GN:  I only know – no Shabbat.  They didn’t know other than Yiddish.  I suppose – in that situation that they grow up, it was a lot of Jews and the environment that they grew up was probably –I don’t know – in situation of pogroms and everything.  I didn’t really hear from my parents too much about them practicing Judaism.  The only thing that I said I knew [was] that my father still would go every year to the synagogue to bring home matzah – it just was it.  Talking about just to be a Jew.  I always felt that they were very proud being Jew and raised me this way to keep my head high, and I think that this was a beautiful gift.  

JR:  Did your brothers feel the same way?  Was it something that had an impact on them in that way also do you think?

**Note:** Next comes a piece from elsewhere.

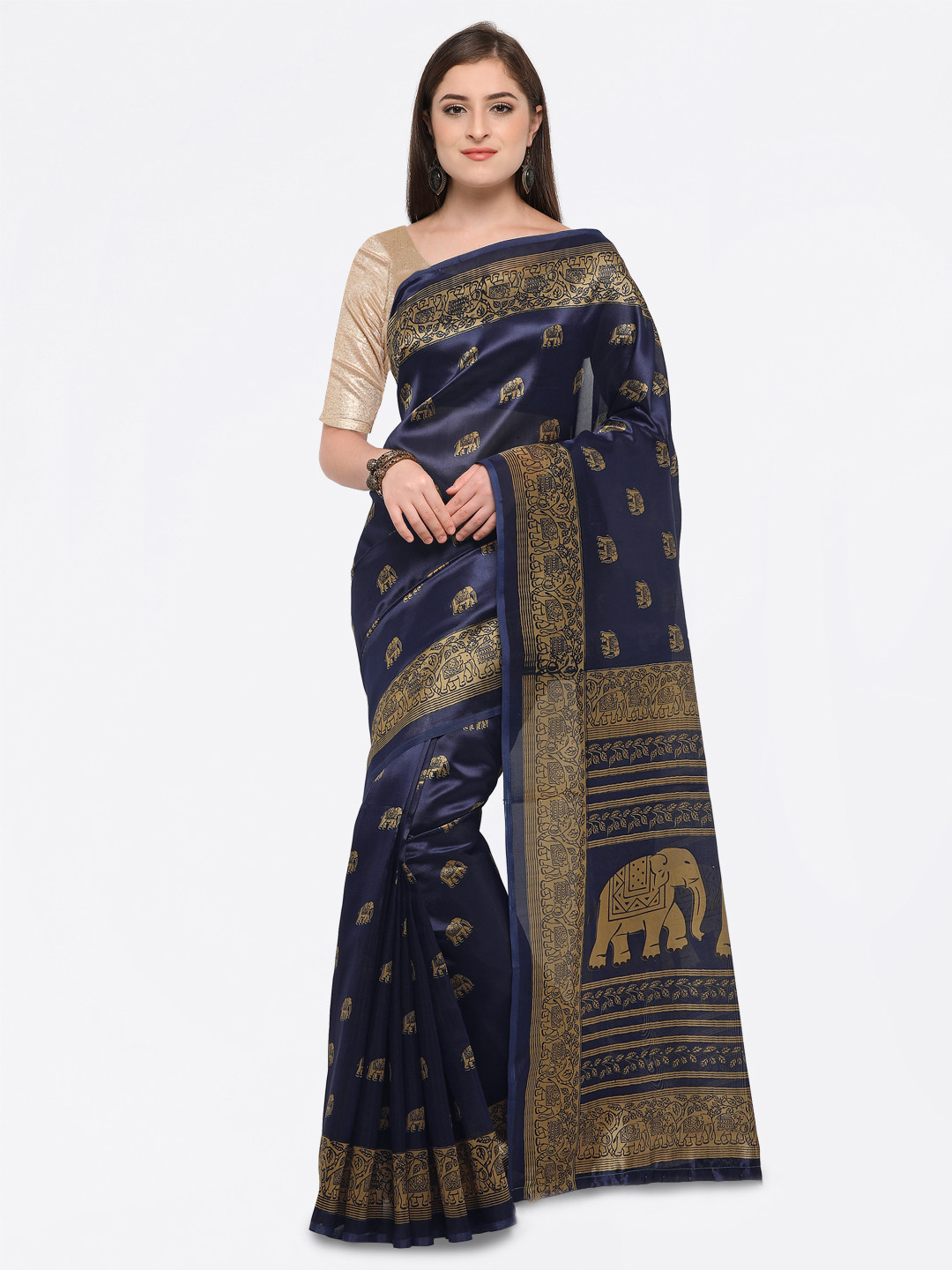 

Saree mall Navy Blue & Bronze-Toned Art Silk Printed Bhagalpuri Saree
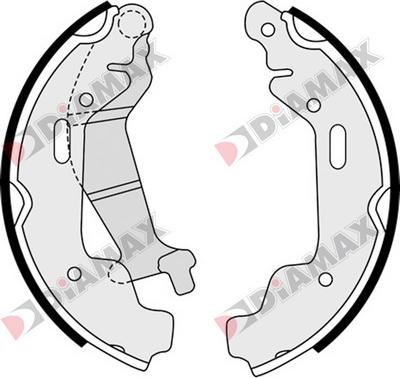 Diamax N01311 - Комплект тормозных колодок, барабанные autospares.lv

GN:  I think so.  The oldest brother was called Vigdor, which is Jewish name, but he would sign like Victor in Russian.  My middle brother was called Piny, but he changed his name when he got married.  He put his name as Peter.  And my third brother was called Izrael, and he kept his name. [laughter] I actually was named after my [great]-grandmother that I never knew, and her name was Golda.  When I was born, they didn’t want to give me this name, and they only kept the first letter, and they called me Galina, which was very popular name in that time.  Also, my father – his name was (Grsh?).  When you got to ZAGS – it’s an organization where you register the child, when the child was born.  Some of my relatives just because my parents couldn’t go, went to register my birth, and he decided that Galina Girshirna wouldn’t sound good and he registered me as Galina (Gzigozeuna?), which sounds more Russian. [laughter]

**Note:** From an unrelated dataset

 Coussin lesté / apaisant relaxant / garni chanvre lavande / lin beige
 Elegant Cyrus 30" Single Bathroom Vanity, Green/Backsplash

JR:  Were your parents upset?

GN:  I don’t know about that because it just was a fact that they didn’t try to change.  When I got older and understood why he did it, I was happy.  He did it because it was kind of protection of me that people would recognize the Jew for the first or middle name.  I think this is why he did it also because of the time.  I mean all those Jewish people tried to survive in different ways, and this was one of the ways that my relatives thought about me.

JR: Did you experience antisemitism?  You mentioned that sometimes people would say comments about Jews, and you would identify yourself.  Did you experience other kinds of antisemitism in school or anything like that?

GN:  You see, I didn’t look Jewish, and I can say that personally I didn’t experience it, but we had some girls at school who were very Jewish-looking and who were really harassed especially at a period of time in 1953 when there was a campaign against Jews by Stalin, and it was about doctors – all Jewish names – that they tried to kill him or poison him.  It was very difficult to go to school because it was on the front page in every paper.  It was giving people the green light to do anything that they want against Jews, like preparing for pogroms or other harm.  This is how people felt.  My parents never talked about it at home, but being at school, I just saw that some Jewish girls couldn’t even look into other people’s eyes, and children would talk loudly about Jews just being part of this campaign against the state.  I was not one of these girls.  I still was going with my head held high.  Somehow, in my family, we didn’t talk too much about it.  Maybe they were still protecting us an afraid to talk about it.  I remember asking a few questions and getting an answer that is just the propaganda, and they don’t believe that is the true story; it would be the end of the conversation.  They would not talk about politics, and at the same time, it was the atmosphere of pride. 

JR:  Did your family talk about Israel much?  Was that a topic?

GN:  It was a good question.  You know that very interesting thing happened when Golda Meir one time came to Russia.  She is actually a very distant relative of my mother’s side of the family.

JR: Wow.

GN:  I knew that my parents were receiving letters from Israel.  Also, my grandfather’s brother emigrated to England before the revolution, and they were receiving letters from England, too.  They were hiding those letters at home, and when the time came of unpleasant situation for Jews, I think they just destroyed all the letters.  The same time when Golda Meir was in Moscow, the woman from her cabinet met with my mother.  I don’t know how they communicated or met and recognized each other, but this women came just close to my mother, gave her a bag with clothes that nobody could see and just squeezed her hand.  My brother told me that his women was also involved in saving my family’s house.  

JR:  Wow. 

GN:  This is only what I remember, talking about just connection with Israel – getting some clothes or something from them.  It was once.  At the time, of course, it was very exciting, and they were talking about it, but it was not too much to talk about. [laughter]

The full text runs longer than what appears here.